Sunday, July 26, 2009

Book Review - Unleavened Bread

Unleavened Bread
by Robert Grant
1900

The book overview of Robert Grant's Unleavened Bread at books.google.com reports that Unleavened Bread was one of the best selling novels of 1900. Today it is all but forgotten, which is a shame, as it is very readable and captures the period well. The setting is a state in New England, city of Benham, with one part set in New York City. Selma White is a school teacher at the beginning of the book and has reached the conclusion that teaching is not how she wants to spend the rest of her life. She feels she is destined to play a larger role in life, and the book chronicles her aspirations and efforts to find and fill that larger role.

Selma uses marriage to project herself in life, riding the coattails of her husbands, one marriage ending in divorce and one in widowhood. She strives for acceptance both socially and intellectually and meets with both disappointment and success along the way.

This is one of those forgotten books that would almost certainly do well if republished today. The action begins in about the 1870s and gives a portrait of New England and New York society through the years following the Civil War from the perspective of the children of soldiers in that war. This is not a novel of Reconstruction as it is set in the north, but issues devolving from that war are a part of the atmosphere.

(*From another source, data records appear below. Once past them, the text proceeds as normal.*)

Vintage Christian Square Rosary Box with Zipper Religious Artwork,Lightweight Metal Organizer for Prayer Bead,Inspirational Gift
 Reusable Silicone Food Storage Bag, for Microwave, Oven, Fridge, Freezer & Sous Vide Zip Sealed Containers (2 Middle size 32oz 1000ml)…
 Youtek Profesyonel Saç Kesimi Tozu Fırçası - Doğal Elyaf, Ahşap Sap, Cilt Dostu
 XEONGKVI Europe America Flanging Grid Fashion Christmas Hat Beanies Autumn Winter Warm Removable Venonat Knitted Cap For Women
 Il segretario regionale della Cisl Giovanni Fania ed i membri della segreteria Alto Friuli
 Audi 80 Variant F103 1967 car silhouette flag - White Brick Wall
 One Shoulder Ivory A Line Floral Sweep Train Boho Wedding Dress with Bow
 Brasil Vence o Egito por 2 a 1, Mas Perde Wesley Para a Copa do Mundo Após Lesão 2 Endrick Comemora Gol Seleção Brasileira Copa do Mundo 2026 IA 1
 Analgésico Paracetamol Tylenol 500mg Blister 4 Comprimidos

Unleavened Bread could be read as a northern counterpart to Ellen Glasgow's novel Virginia, set in Richmond at the same time period. The experiences of the two protagonists, Selma and Virginia, are very different, reflecting the roles of women in the north and the south in the post-Civil War years.

I'm not sure I understand the title. Unleavened bread is bread made without yeast or other leavening agents. It is flat, does not rise. Is this a reference to Selma's efforts to rise in society?

Also available at Project Gutenberg.